Thread: single index on more than two coulumns a bad thing?
Hi, I remember reading a post ages ago, maybe from Vadim, about the fact that people creating indices on more than two columns will be the first to be put againts the wall when the revolution comes... sort of... Is it always bad to create index xx on yy (field1, field2, field3); I guess the problem is that the index might often grow bigger than the table, or at least big enough not to speed up the queries? /Palle
Palle, > Is it always bad to create index xx on yy (field1, field2, field3); No, it seldom bad, in fact. I have some indexes that run up to seven columns, becuase they are required for unique keys. Indexes of 3-4 columns are often *required* for many-to-many join tables. I'm afraid that you've been given some misleading advice. > I guess the problem is that the index might often grow bigger than the > table, or at least big enough not to speed up the queries? Well, yes ... a 4-column index on a 5-column table could be bigger than the table if allowed to bloat and not re-indexed. But that's just a reason for better maintainence. -- -Josh Berkus Aglio Database Solutions San Francisco
Josh Berkus <josh@agliodbs.com> writes: >> Is it always bad to create index xx on yy (field1, field2, field3); > I'm afraid that you've been given some misleading advice.

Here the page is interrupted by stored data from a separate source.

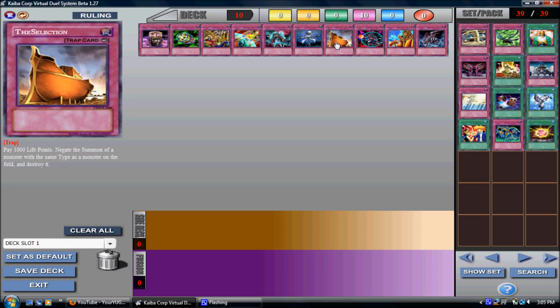The Selection. Pay 1,000 life points, negate the summon of a monster with the same type as a monster on the field and destroy it. Yeah, people are using Solemn Warning, but I can use the Selection. People will usually run decks who have the same attribute.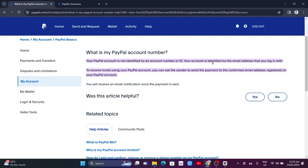To receive funds using your People account, you can ask the sender to send the payment to the confirmed email address registered on your People account. You'll receive an email notification once the payment is sent.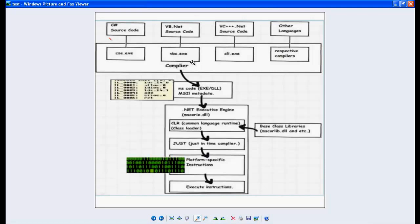Now, when this IL code comes to the machine, CLR takes that half-partially compiled IL code and passes it to the JIT — Just In Time compiler. CLR is the heart of the .NET framework. Its job is to pass the MSIL code to the JIT, and it also maintains automatic garbage collection, memory management, and code access security.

I'd say it's a matter of getting your optimizations straight. If you have a query that can make use of that index, and the query is executed often enough to make it worth maintaining the index during table updates, then by all means make the index. The standard advice is meant to warn you against creating a zillion indexes without any thought to what you'll be paying in update costs. Indexes with more than a couple of columns are usually of only narrow applicability, and so you have to be sure that they'll really pay for themselves... regards, tom lane
Palle Girgensohn <girgen@pingpong.net> writes: > Is it always bad to create index xx on yy (field1, field2, field3); All generalisations are false... Seriously, it's true that as the length of your index key gets longer the harder and harder it is to justify it. That doesn't mean they're always wrong, but you should consider whether a shorter key would perform just as well. The other problem with long index keys is that they often show up in the same place as having dozens of indexes on the same table. Usually in shops where the indexes were created after the fact looking at specific queries. -- greg
another thing that I have all over the place is a hierarchy: index on grandfather_table(grandfather) index on father_table(grandfather, father) index on son_table(grandfather, father, son) almost all of my indices are composite. Are you thinking about composite indices with low cardinality leading columns? /Aaron ----- Original Message ----- From: "Josh Berkus" <josh@agliodbs.com> To: "Palle Girgensohn" <girgen@pingpong.net>; <pgsql-performance@postgresql.org> Sent: Thursday, April 01, 2004 7:35 PM Subject: Re: [PERFORM] single index on more than two coulumns a bad thing? > Palle, > > > Is it always bad to create index xx on yy (field1, field2, field3); > > No, it seldom bad, in fact. I have some indexes that run up to seven > columns, becuase they are required for unique keys. > > Indexes of 3-4 columns are often *required* for many-to-many join tables. > > I'm afraid that you've been given some misleading advice. > > > I guess the problem is that the index might often grow bigger than the > > table, or at least big enough not to speed up the queries? > > Well, yes ... a 4-column index on a 5-column table could be bigger than the > table if allowed to bloat and not re-indexed. But that's just a reason for > better maintainence. > > -- > -Josh Berkus > Aglio Database Solutions > San Francisco > > > ---------------------------(end of broadcast)--------------------------- > TIP 7: don't forget to increase your free space map settings >
On Fri, Apr 02, 2004 at 01:00:45 +0200, Palle Girgensohn <girgen@pingpong.net> wrote: > > Is it always bad to create index xx on yy (field1, field2, field3); > > I guess the problem is that the index might often grow bigger than the > table, or at least big enough not to speed up the queries? One place where you need them in postgres is enforcing unique multicolumn keys. These will get created implicitly from the unique (or primary key) constraint. It isn't all that unusual to have a table that describes a many to many (to many ...) relationship where the primary key is all of the columns.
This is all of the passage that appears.